For instance, if you set up a loop that goes through each line on the page, you can add a condition inside that loop that checks if the following expression is true:
/(Date: )(.*)/i.exec(data.extract(1,80,0,1,“”)) != null;
You can use multiple conditions to look for all the keywords.
I must be missing something setting up where to add the Regular Expression. Nothing I do appears to hits the TRUE side. I’m sure that I’m just missing something. Also when extracting the data from a PDF is the height of 1 correct or should it be something more like 9.313332 to match the line spacing the loop detects?
I can get Multiple Condition case set to a value “Name:” and then set the extraction to a location. I can also set following “Address:” (not sure how to handle the additional address lines though).
I worry about the performance of my version though because each case has a separate extraction and worse case there could be towards 50 separate extractions. Hoping that it will only be a half dozen though.

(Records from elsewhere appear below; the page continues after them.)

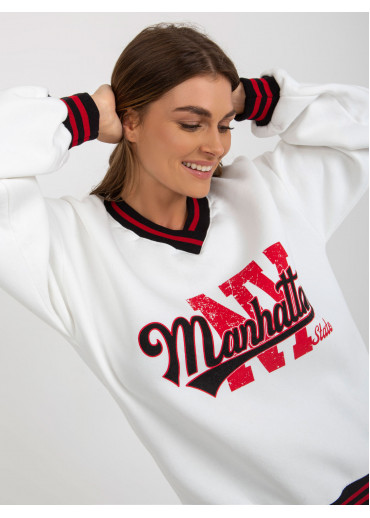 Biela mikina s potlačou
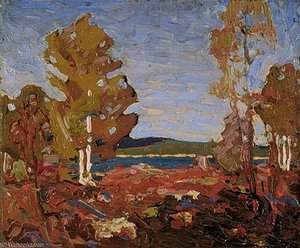 Trees And Stump Above A Shore — Thomas Thompson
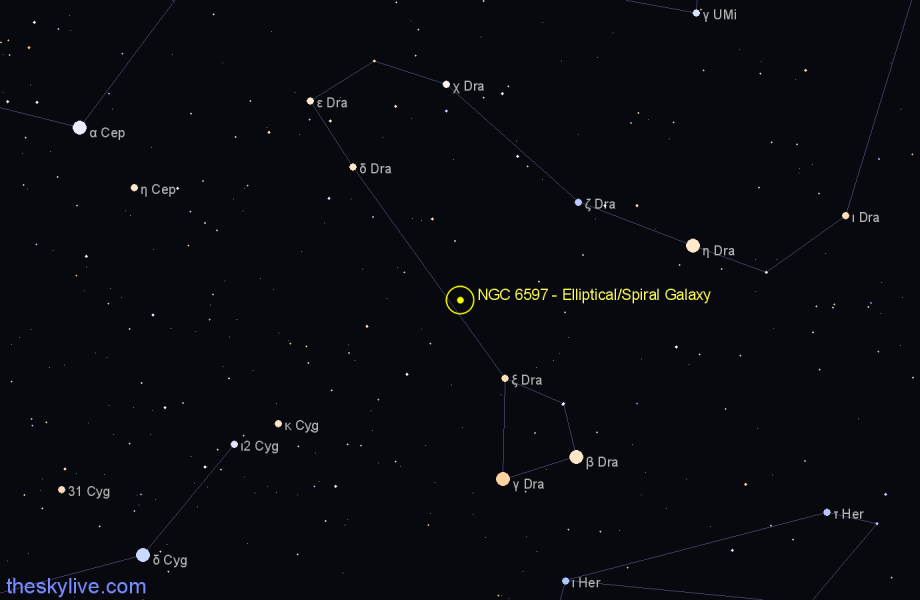 Finder chart NGC 6597 - Elliptical/Spiral Galaxy in Draco star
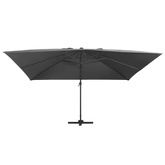 Parasol z LED i aluminiowym słupkiem, 400x300 cm, antracytowy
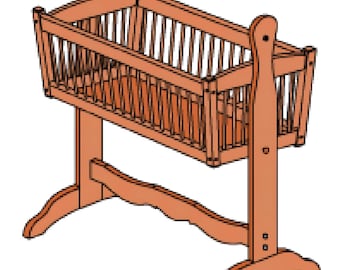 Babies cradle DIY - MATERIALS and PARTS list, building plans only, virtual delivery
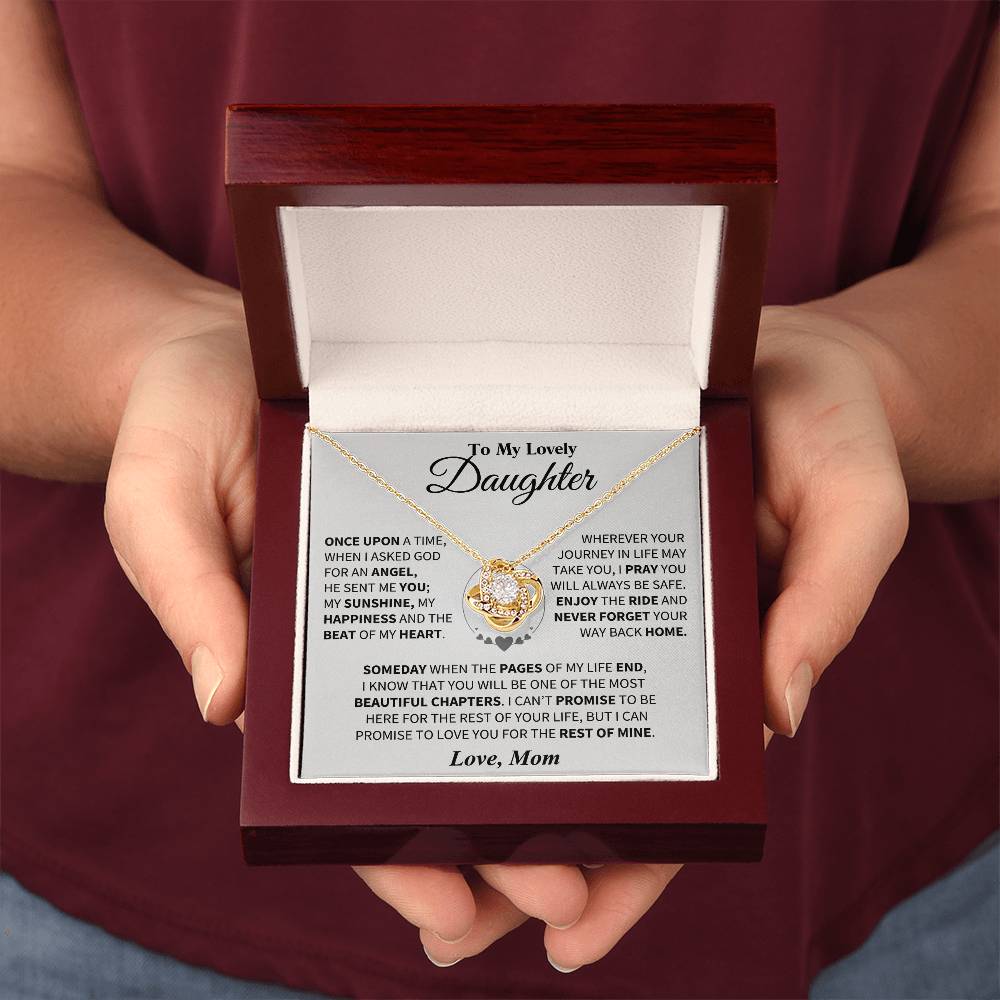 To My Daughter - Love Dad - Beautiful Gift Set - Love Knot Necklace -DLK012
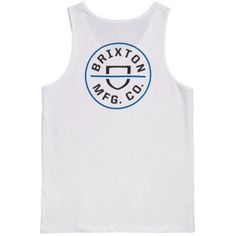 The Brixton Crest Tank Vest is all about comfort wear whether you're up and about all day or just lounging in the couch. Vest White, Dc Shoes, Comfort Wear, Back To Black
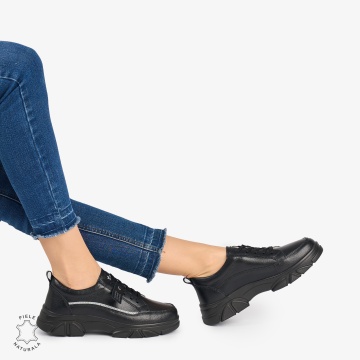 Pantofi casual dama piele naturala CRL0867 NEGRU - Img 2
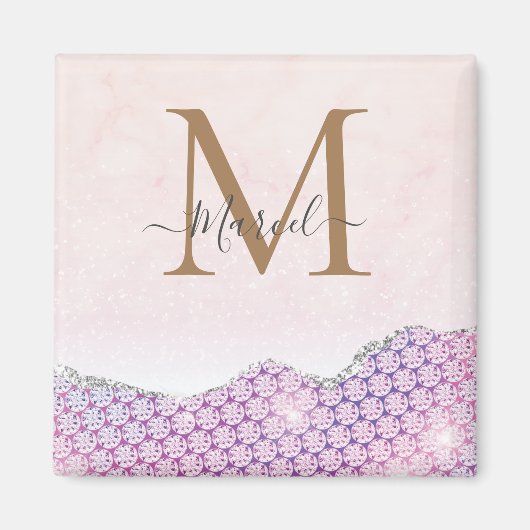 Eleganter Monogram Rose rosa Glitzer Magnet (Vorne)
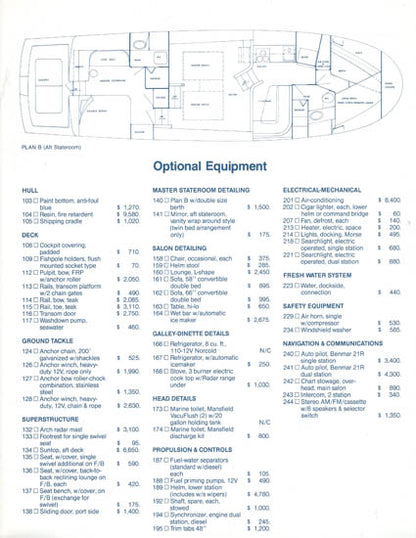 Uniflite 48 Yacht Fisherman Specification Brochure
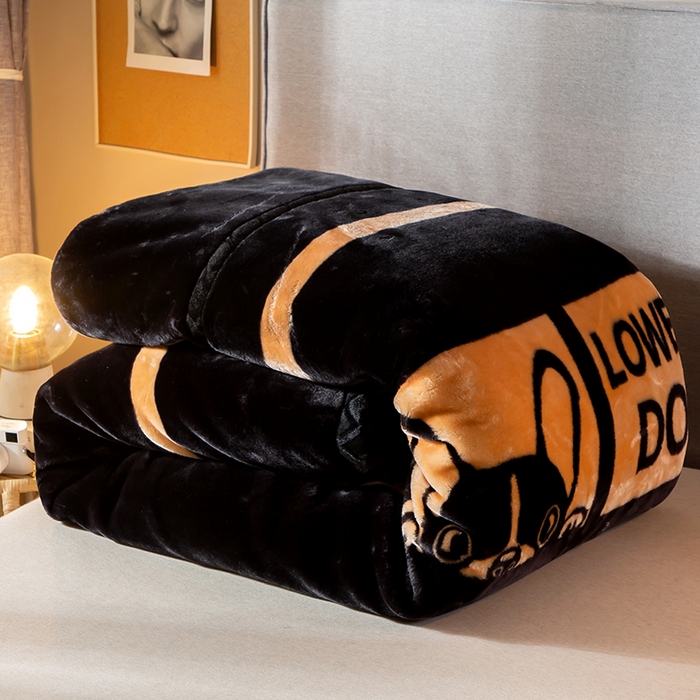 91家纺网 家纺一手货源 找家纺 好艺佳毛毯 2025新款（升级版）拉舍尔毛毯学生毯宿舍婚庆加厚双层毯子绒毯盖毯不掉毛毛毯 升级版-黑LOV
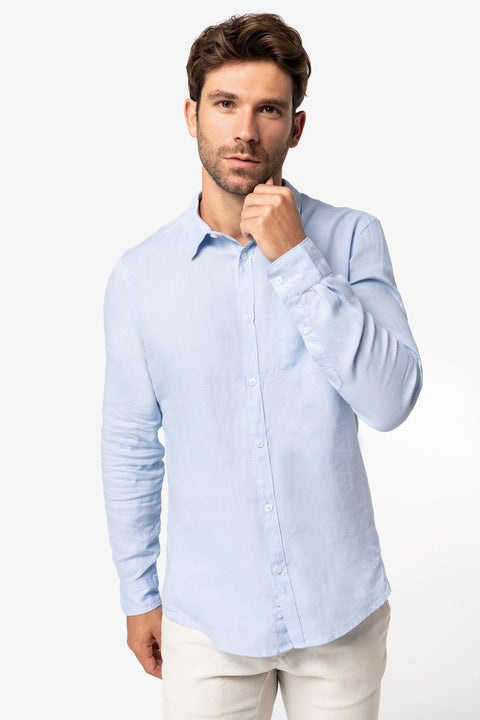 Linen Long Sleeve Shirt: Mens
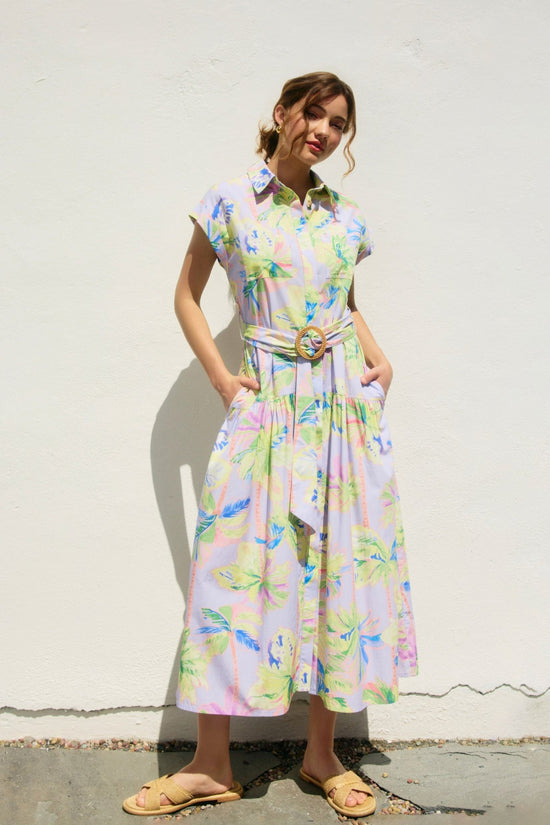 DRESS FORUM FLORAL RADIANCE SASH BELT SHIRT DRESS – A FLORAL SHIRT DRESS WITH A SASH BELT AND ROLL-UP SLEEVES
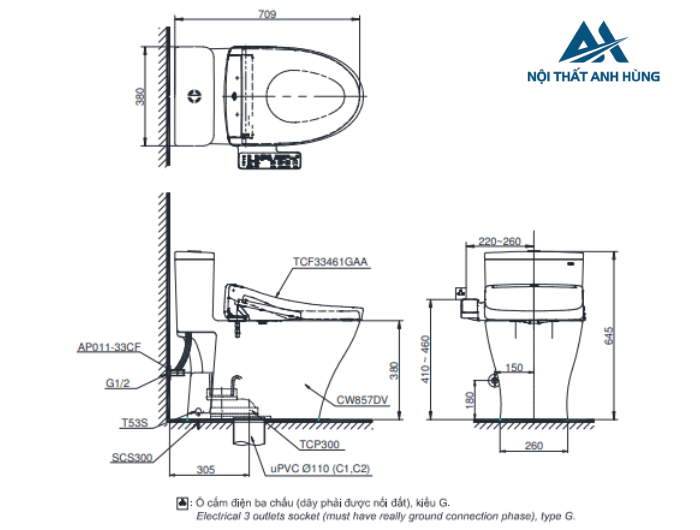 Bồn cầu 1 khối TOTO MS857DW16 nắp điện tử Washlet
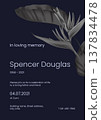 Modern memorial and funeral invitation card template design, dark blue decorated with heliconia rostrata flower and leaves 137834478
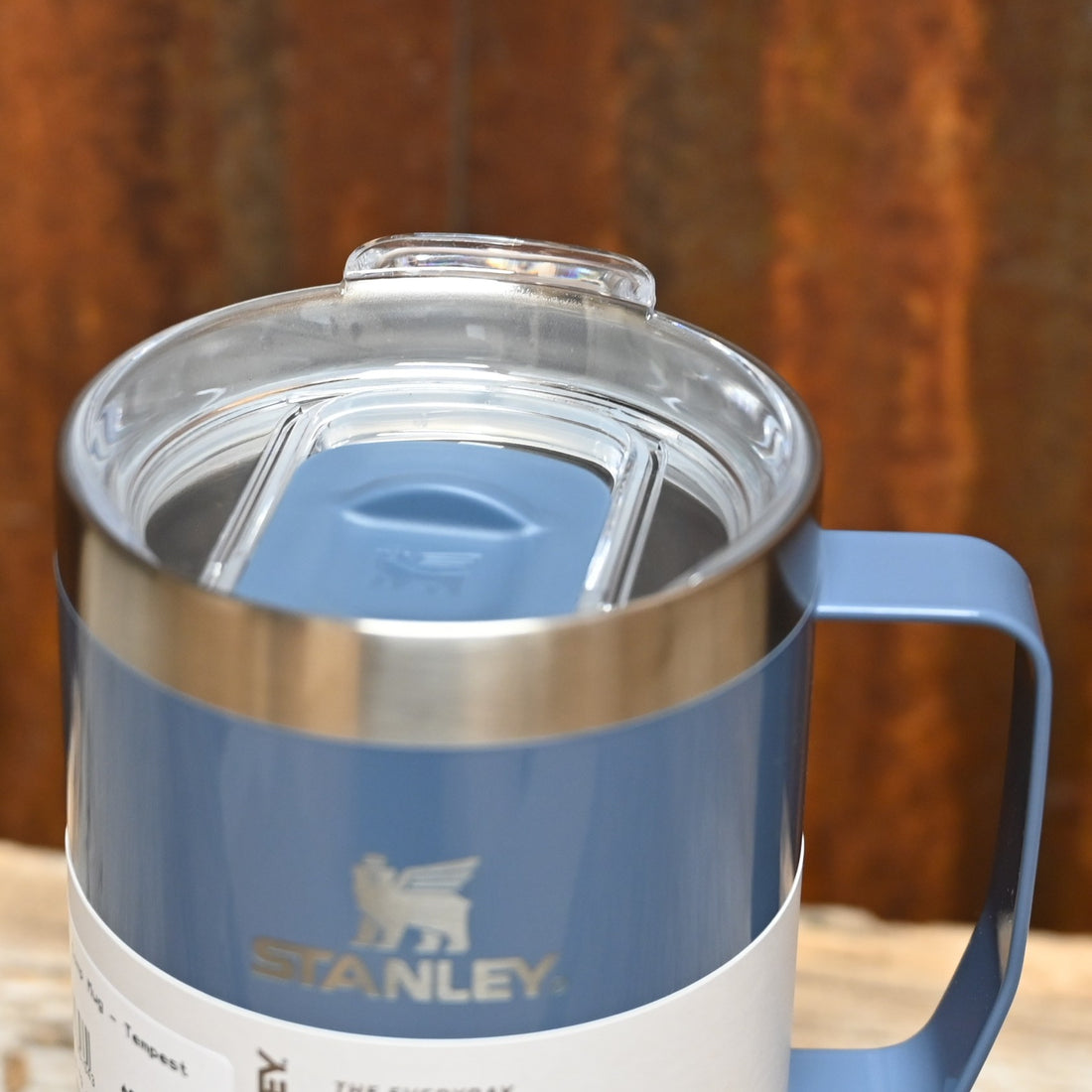 Stanley Stay Hot Camp Mug 24 oz in Tempest Gloss blue finish with stainless steel body and press-fit drink-thru lid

OK, that’s really not an easy one. You’re looking for moving targets and those are always challenging.
Here’s how I did it in a pet project of mine. Not sure it will work with your project, but it may put you on the right track.
So first, I have a loop that goes through all elements in the PDF page. That means every single line with content will be examined by the process.
Inside the loop, I have a Multiple Condition task whose left operand is set to this JavaScript code:
data.extract(52,209,0,5,"");
The (52,209) values indicate the left-right boundaries of the region I want to examine on each and every line. 0 is the current vertical offset while 5 is the height of each line of text.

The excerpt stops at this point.